Yeah, I am getting the same issue as well. I sent a message to JS2 admins to check if it is a hypervisor or a driver issue.
I am going to start a workshop in an hour, so I won’t have time, but can you try installing torch outside of Slicer. We need to know whether that’s a Slicer issue is a more general driver issue.
On a fresh jetstream2 gpu machine with ubuntu 24.04 I can install and access cuda from torch, My other machine where I couldn’t get torch to use cuda is a 22.04 machine where I had set up gpu accelerated X, so either of those could be the difference.

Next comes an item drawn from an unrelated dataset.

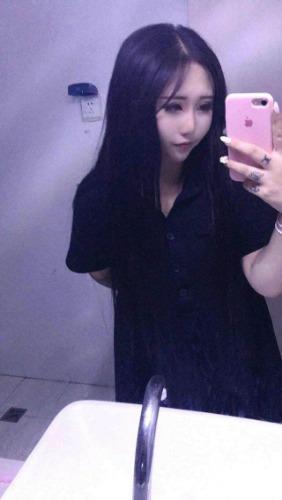 长春年轻貌美，胸是真大的纹身小妹。 第1张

So, a little bit of context. The nvidia driver we build into our featured images is the nvidia-linux-grid-535 a special, proprietary GRID driver needed to communicate properly with the hypervisor since all GPU instances used to use vGPU. We recently reconfigured resources so that g3.xl instances no longer use vGPU, and instance have their PCI device directly passed through from the hypervisor to your instance (no middleman). This has a number of benefits, including unified memory support and being able to use whatever driver you want, but comes with the drawback that the flavor is semantically different from the rest. Unfortunately there seems to be some incompatibility using the grid driver on a non vGPU instance, most notably the extremely slow response times from the GPU which caused things like pytorch to timeout and give errors. You may want to install nvidia-driver-550-server-open as part of your setup script for g3.xl instances instead. In my experience, this driver has been a lot more reliable for this flavor. You won't be able to resize down to a smaller flavor after doing this, though I believe you don't use resizing in your workflow, correct?
I used the ubuntu-drivers install to install the recommended drivers and now my g3.xl instance and now I can run Slicer with gpu accelerated rendering and access cuda from torch in Slicer python.